*GOAL OF THE EXERCISE*: Transcribe the listing exactly; drop the images.

*GIVEN DATA*:
====

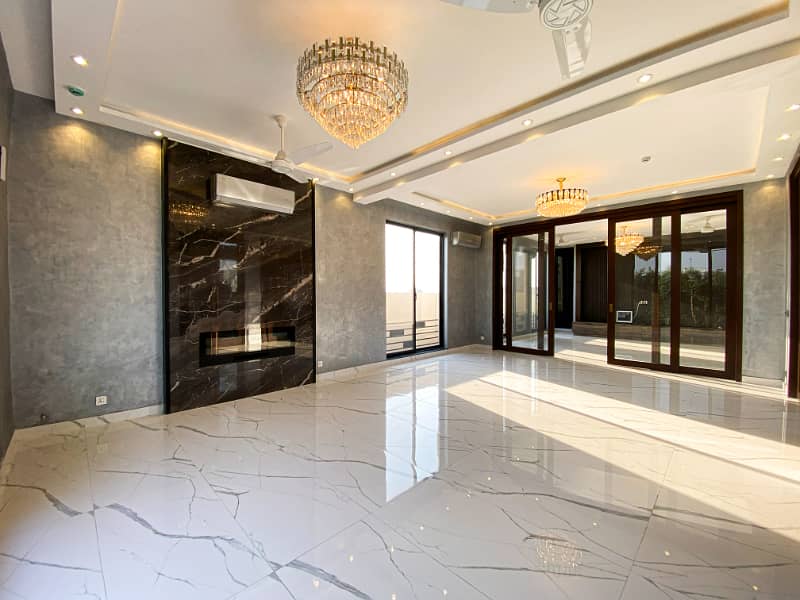 Ultra Modern Design 07 Bedrooms 01 Kanal House With Swimming Pool Available For Sale In DHA Phase-8 10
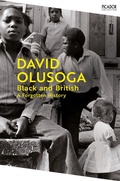 Cover: Black and British - Picador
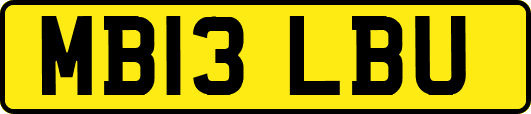 MB13LBU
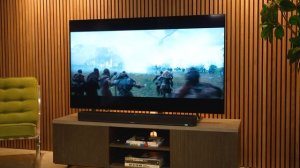 Sennheiser Ambeo Plus: The Ultimate Dolby Atmos Soundbar?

====

*RESPONSE TO THIS TASK*:
 Ultra Modern Design 07 Bedrooms 01 Kanal House With Swimming Pool Available For Sale In DHA Phase-8 10
 Cover: Black and British - Picador
 MB13LBU
 Sennheiser Ambeo Plus: The Ultimate Dolby Atmos Soundbar?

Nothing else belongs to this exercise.